Kurtz is Shocked That Ellsberg Would Compare WMD Lies to the Tonkin Gulf Incident
By Heather Tuesday Sep 08, 2009 6:00pm
h/t David
Howard Kurtz is still playing water carrier for the Bush administration and their WMD lies used to justify invading Iraq and when called out for it by Daniel Ellsberg who says he'll name names as to who in the Bush administration knew better what does he do? Why try to change the subject of course!
Ellsberg is the subject of a new documentary The Most Dangerous Man in America: Daniel Ellsberg and the Pentagon Papers which debuts this week in New York, Los Angeles and at the Toronto Film Festival.
KURTZ: Do you think that the Obama administration is getting as much pressure from the press as it should, particularly compared to previous administrations, say the Bush administration?

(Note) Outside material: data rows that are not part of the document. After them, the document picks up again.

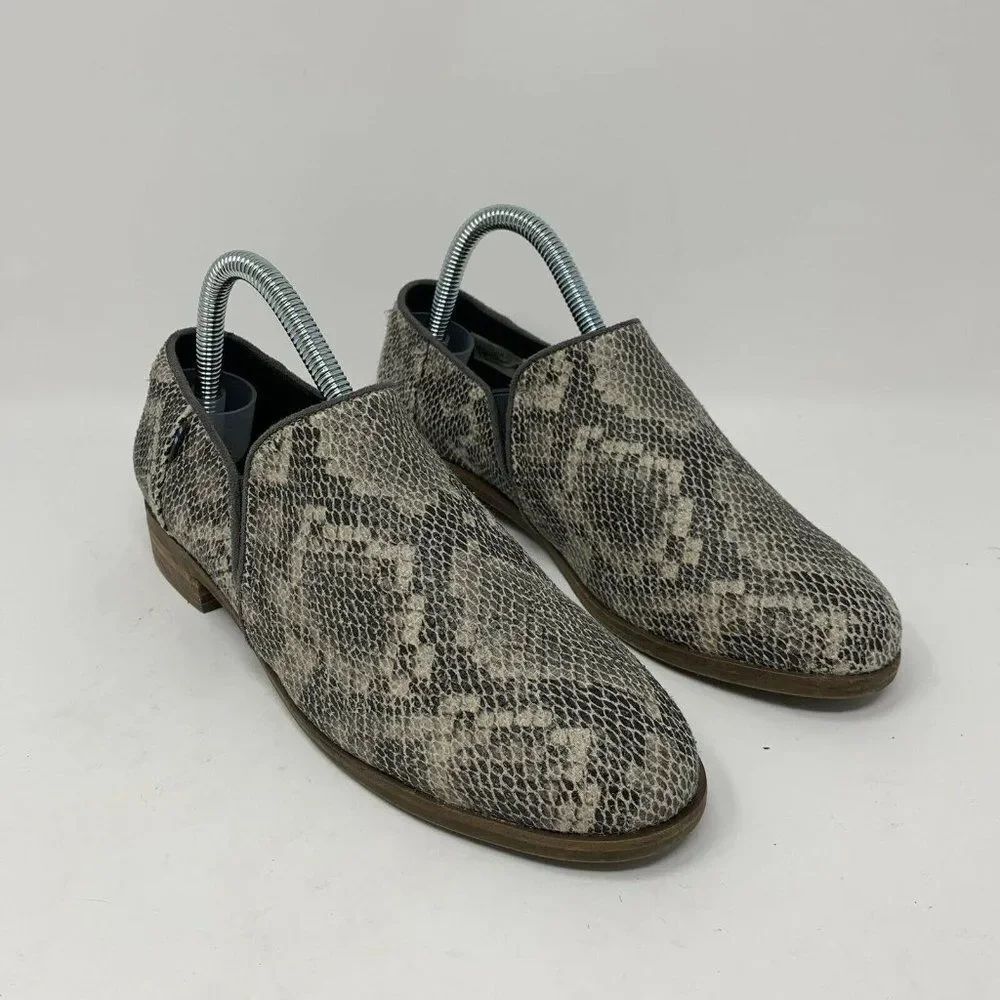 TOMS Womens Shaye Low Faux Snakeskin Snake Ankle Slip On Shoes Loafers US Size 7
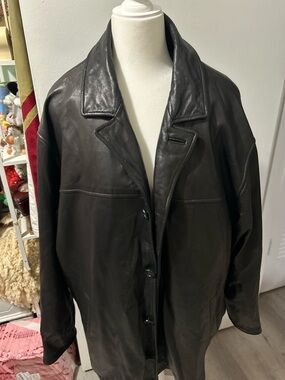 Rare Vintage 90s Weathervane by Weatherproof Leather Jacket Sz. Wool lining. XL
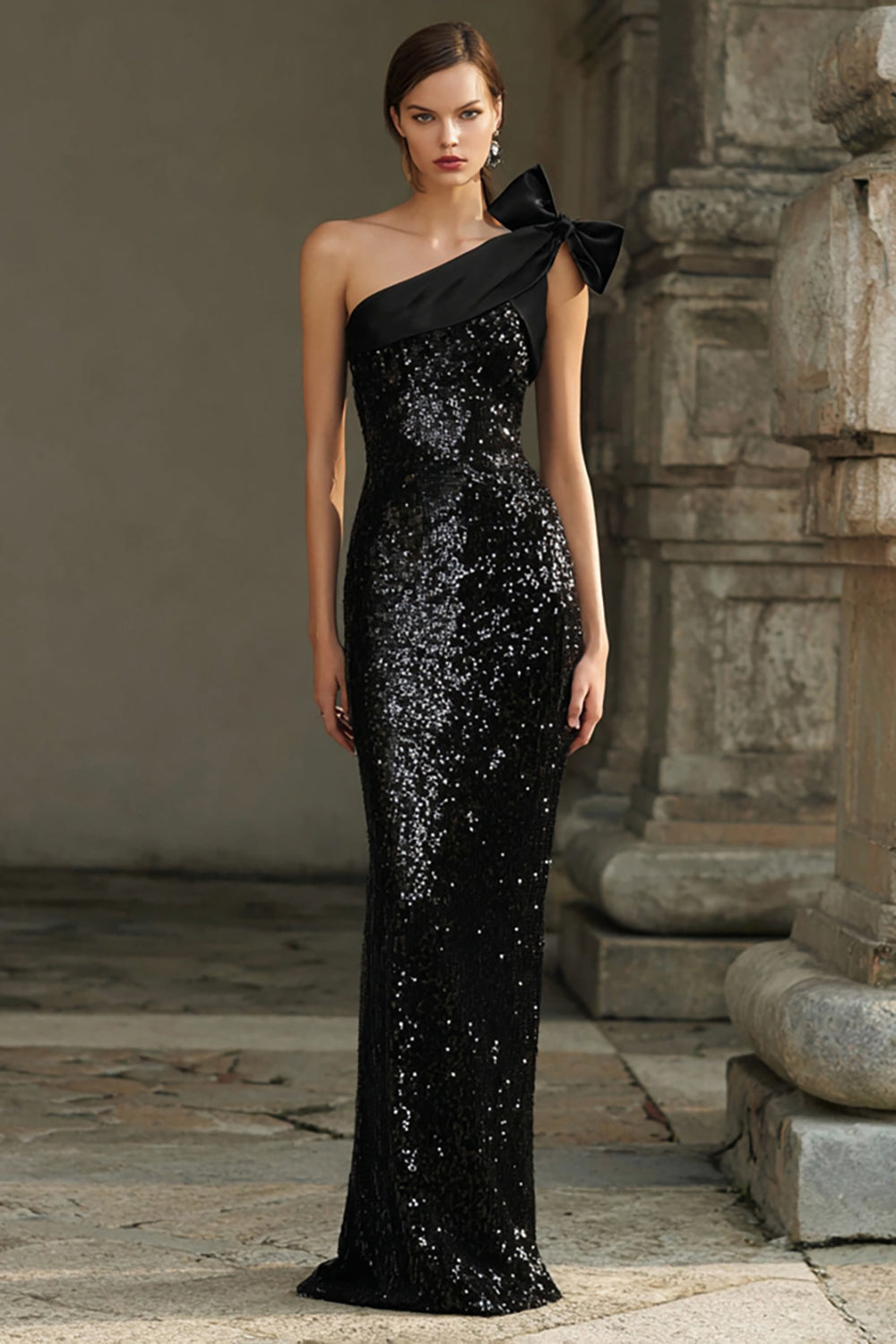 Black One Shoulder Sheath Bowed Evening Dress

ELLSBERG: None. No administration has gotten the pressure that it should from the press on this point. We got into Iraq with as much deceptions as occurred in Vietnam, a generation earlier. A performance by the press no better than we saw of pressing behind the lies of the administration than we got during the Johnson administration when I was in; nor did we get a single person within the administration, the Bush administration now, who saw that the adventure into Iraq was going to hurt our counter-terrorism efforts, hurt our security, and was violating the Constitution in terms of treaties. Another example would be treaties on torture and our domestic laws on torture. People who saw that clearly, not one of them leaked to Congress, or to the press.
(CROSS TALK)
KURTZ: Obviously, there were conflicting opinions and conflicting evidence, for example on WMDs. But let me come back to this.
ELLSBERG: No, pardon me.
KURTZ: Go ahead.
ELLSBERG: When it came to lying -- when it came to lying about the nature of the evidence that the evidence was unequivocal, that was as much of a lie as saying that evidence of the attack on August 4th, on our destroyers, was unequivocal. Yes, there was --
KURTZ: You're comparing the Bush's building of the case to go to war in Iraq, with Lyndon Johnson's Tonkin Gulf war incident, just to be clear.
ELLSBERG: I am, indeed. It's exactly the same in the performance not only by the president, but by all of the people who knew that it was a disaster. And I could name names there, if you want.